Vianna, you need to read what's been written already here. FRITZ was not my band, I didn't start the group. When I joined, Linds was already in the group. No, I hadn't taken any classes with him, we hadn't crossed paths before the band came together. Stevie came into the band through Bob Aguirre, not Lindsey. I don't think Lindsey knew her before she entered the group. As far as your last question, I don't know about that, wasn't there. I never heard that version of their meeting. Where did you hear that?

Did the members of Fritz actually support themselves through the gigs you played? Did you live alone, with roommates or with your parents? I think you also mentioned that Stevie was going to college for a year or so while she was in the band...was she living on campus? Did any of the bandmates have day jobs? (Tracy G., Stockbridge, GA, USA)

We were 18 and 19 and all lived with our parents. In Fall of '68 I entered San Jose State University. I shared a two-bedroom apartment for four with Bob Fogel (a mutual friend of Brian and Bob). Stevie was living in an apartment with a friend right around the block from me. We were three streets away from campus. It was the semester that the great philosopher Alan Watts was an Artist in Residence, speaking at Morrison Auditorium every Wednesday night. This by its very self was worth the trouble of going to San Jose State. Playing every weekend certainly did help with school expenses, but just a little. We averaged $100-150. Bob worked at a local hamburger stand. Lindsey didn't work. Not sure about Brian. College costs were too much for me, the financial aid I had been promised took much too long to get to me if at all, and after the first semester, I was forced to go back home and enroll in a new local JC, Cañada College (Redwood City). This was actually a better choice for me. Stevie's grades were not too good looking and her interest in school was waning, so I think she stopped by June '69.

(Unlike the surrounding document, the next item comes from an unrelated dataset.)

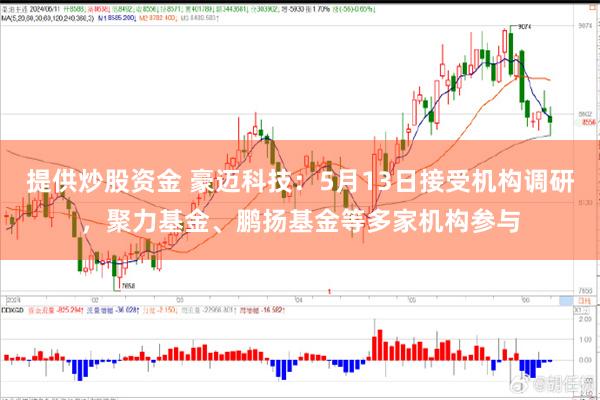 提供炒股资金 豪迈科技：5月13日接受机构调研，聚力基金、鹏扬基金等多家机构参与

I hope this isn't too personal, but the comment you mentioned that Stevie's mom made shocked me. Did you find that the emergence of people like Santana made any impact on how latin artists were treated, or was that an unusual situation? How do you feel about the current 'latin explosion'? (Not that I really think Ricky Martin and Jennifer Lopez are good representations of latin music.) (Tracy G., Stockbridge, GA, USA)

Whoa, we're getting off the subject again--short answers. Stevie's Mom made that comment to Linds and I together, so I didn't feel any particular prejudice directed solely at me at the time. But you can imagine, their only daughter joins a rock band that's all men, I can see her concerns were real. Santana came along at the right time for a whole group of emerging generations of Latinos, myself included. He also exposed the world to the music of Tito Puente, Willie Bobo and others with his rock renditions of their more traditional sounds. It was one more creative outlet for rock music. As far as changing the way Latin musicians are "treated", Santana may have helped improve that situation by a notch. But if you are a student of Southwest history, you will know that the social status of Latinos in this country remains very low--historically, as a people we were vanquished following the Mexican-American War. They say history is written by the winners. The Treaty of Guadalupe Hidalgo (signed after that war) was supposed to protect the rights of the Spanish-speaking citizens, while also allowing continued use of their language. Hispanics as a group earn less wages overall than do African-Americans. In 1944, only two institutions in the US offered B.A. degrees in Latin music. They were Brooklyn College and San Francisco State College. SF State just barely got around to acknowledging Jazz music as a legitimate area of study in the past four years. I taught in the Music Department there two years ago. I could tell you horror stories!!! In music and the media I have seen and experienced too many degrading examples of how we Hispanics are treated as disposable commodities. To say we are undervalued and underestimated is putting it very mildly. We've have plenty of Chicano writers and intellectuals decrying this condition for years. No one reads them, no one wants to know. If we were to burn a few cities, maybe this would get some attention. But don't try this at home kids! Non-violence is the only way.


Fritz Set List (1967)
Click for a larger version.

Have you experienced prejudice personally in your music career? (Tracy G., Stockbridge, GA, USA)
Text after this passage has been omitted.